Content in a format the model parses well. Markdown is the right default — it preserves headings, lists, tables, and code fences as structure the model recognizes, at roughly 60–80% fewer tokens than the original HTML. We compared the alternatives in Markdown vs JSON vs plain text for LLM context; for prose-heavy web pages, Markdown holds up well on both fidelity and cost.
An index a human can skim to confirm the corpus contains what they think it does.
A manifest a program can parse without heuristics: stable IDs, titles, source URLs, and token counts.

The token count is the part people skip, and it is the part that matters most for agents. A retrieval layer that knows each document is, say, 1,800 tokens can plan how many it can fit before it hits the budget. Without that number, it either reads everything and overflows, or reads one document at a time and burns round-trips.
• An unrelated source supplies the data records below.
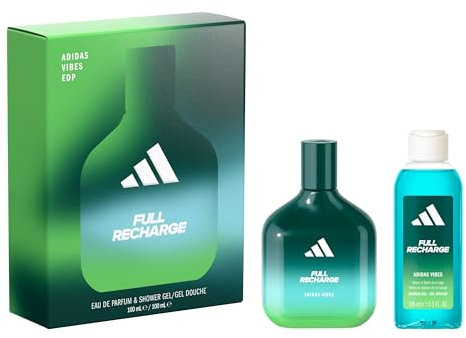 Le coffret adidas Vibes comprenant l'Eau de Parfum Full Recharge et le Gel Douche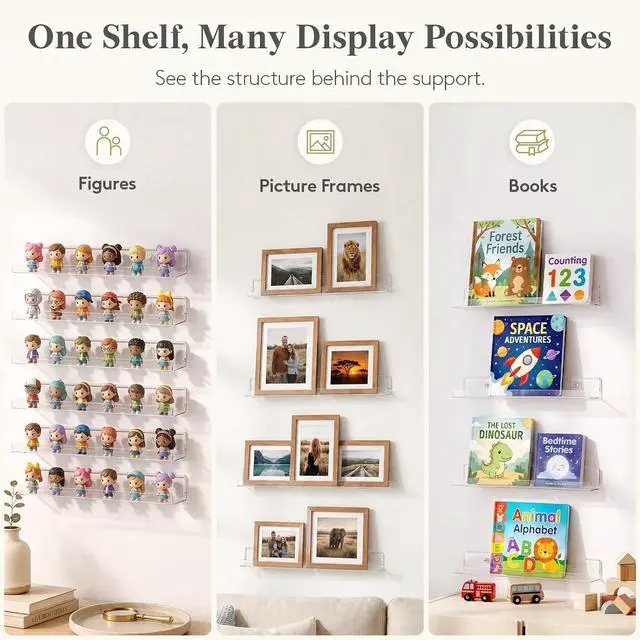Alt view image 7 of 7 - Lifewit Narrow Acrylic Floating Shelves for Vinyl Record 12", Clear 6 Pack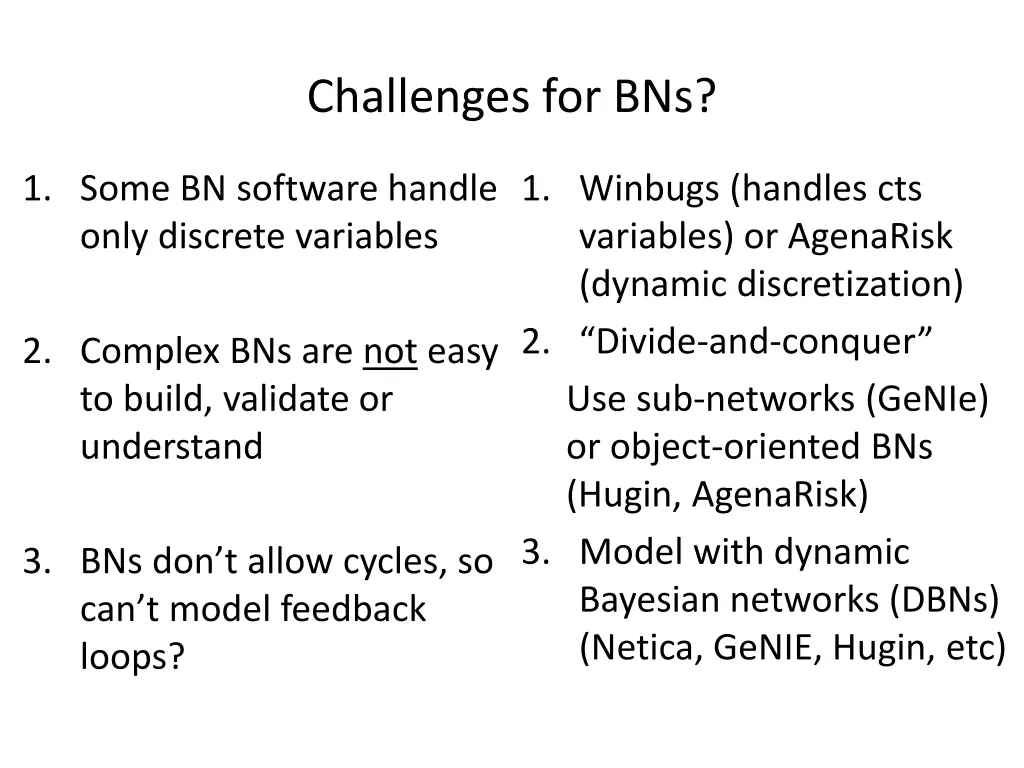 challenges for bns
We go deep on the planning side in context window budgeting for RAG in 2026; the corpus is where that budget data should originate.

The bundle layout

Here is the directory structure. It is deliberately flat and boring — boring is portable.

web-corpus/
├── manifest.json          # machine-readable inventory
├── index.md               # human-readable table of contents
└── docs/
    ├── 0001-rate-limiting-strategies.md
    ├── 0002-postgres-connection-pooling.md
    ├── 0003-idempotency-keys-in-apis.md
    └── ...

Three rules make this layout work as a contract rather than a suggestion.
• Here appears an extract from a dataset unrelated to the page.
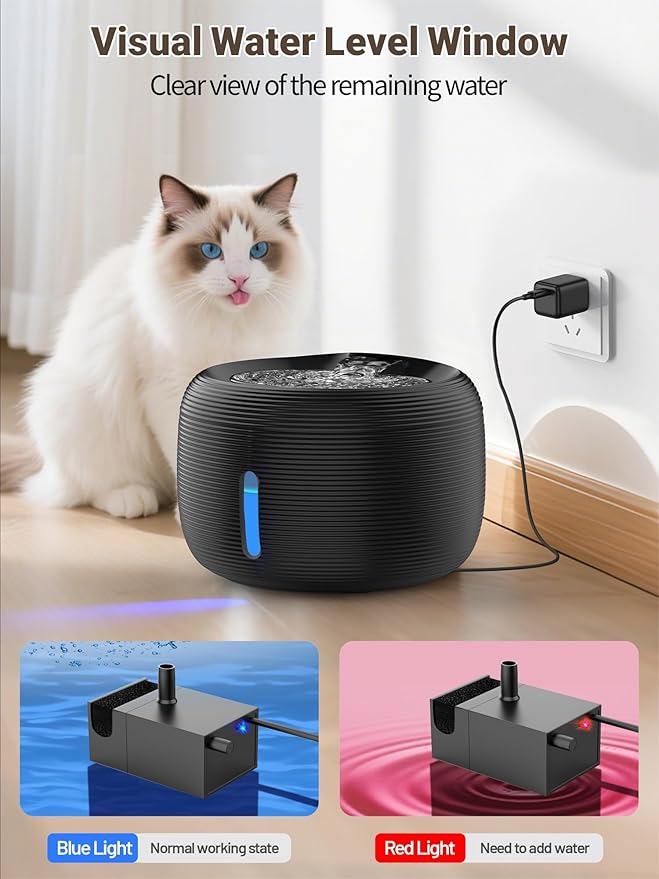 SIBAYS Cat Water Fountain, 3.5L/118oz Large Capacity Pet Water Fountain Cat Fountains for Drinking, Automatic Quiet Dog Water Bowl Dispenser with LED Light & Water Level Window(FS77, Black)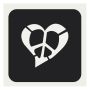 Glittertattoo Stencils Peace Heart (5 pack)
First, file names are stable IDs. The 0001- prefix gives a deterministic sort and a short handle the manifest and index both reference. Once a file has an ID, never renumber it; if a page is removed, retire the ID rather than reusing it, so any cached citation that points at 0007 still resolves.
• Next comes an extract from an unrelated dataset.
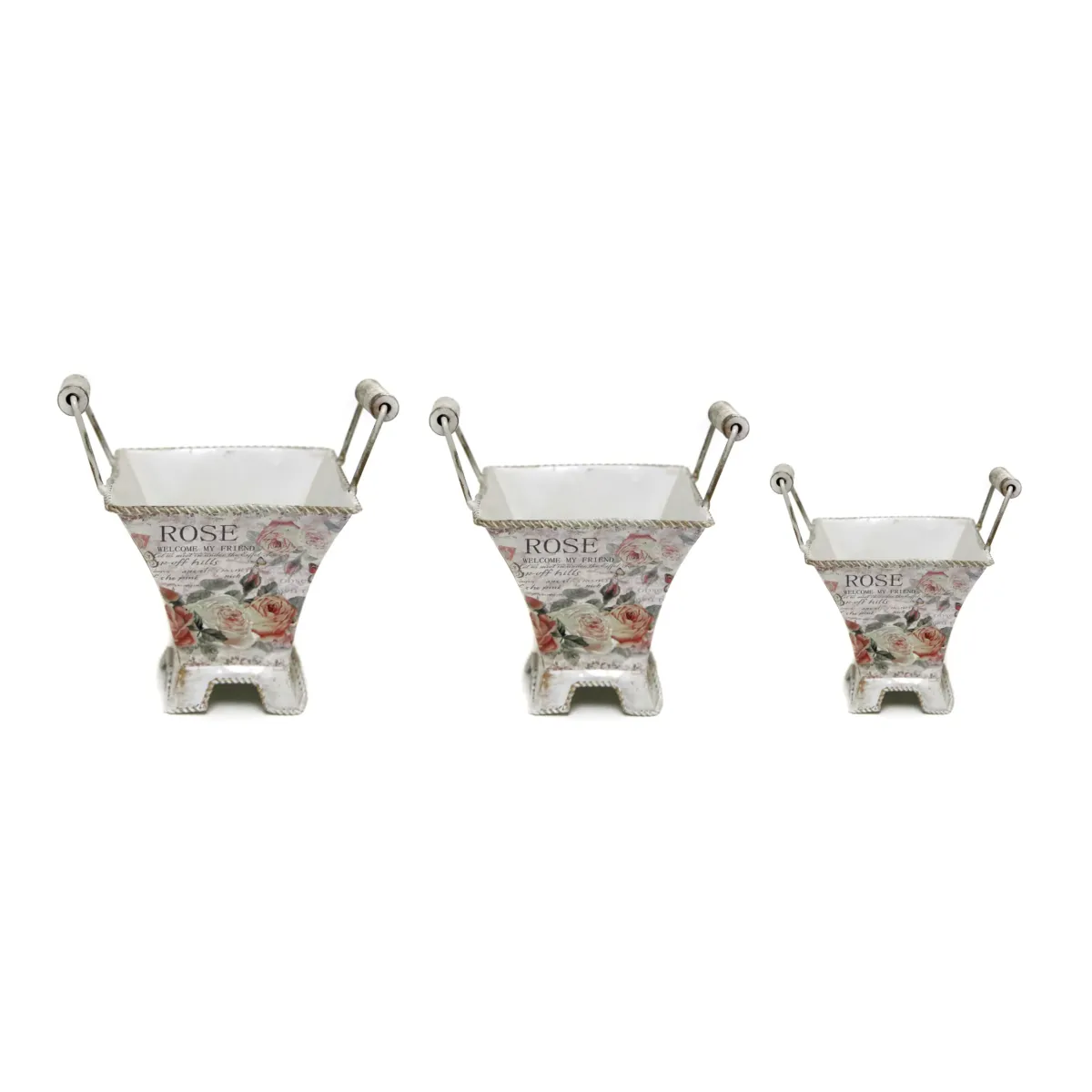 Square Rose Countryside Plant Pot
Second, content lives only under docs/. The manifest and index sit at the root and point inward. A consumer can ingest docs/ directly, or read manifest.json first and pull files on demand. Both paths work because the content is isolated.

Third, every document carries its own front matter. Even though the manifest duplicates some of it, a single .md file should be self-describing when it travels alone — pasted into a chat, dropped into Obsidian, attached to an issue. We cover the front-matter conventions in Obsidian-friendly front matter for web clippings; the same title, source, and captured keys serve the agent corpus.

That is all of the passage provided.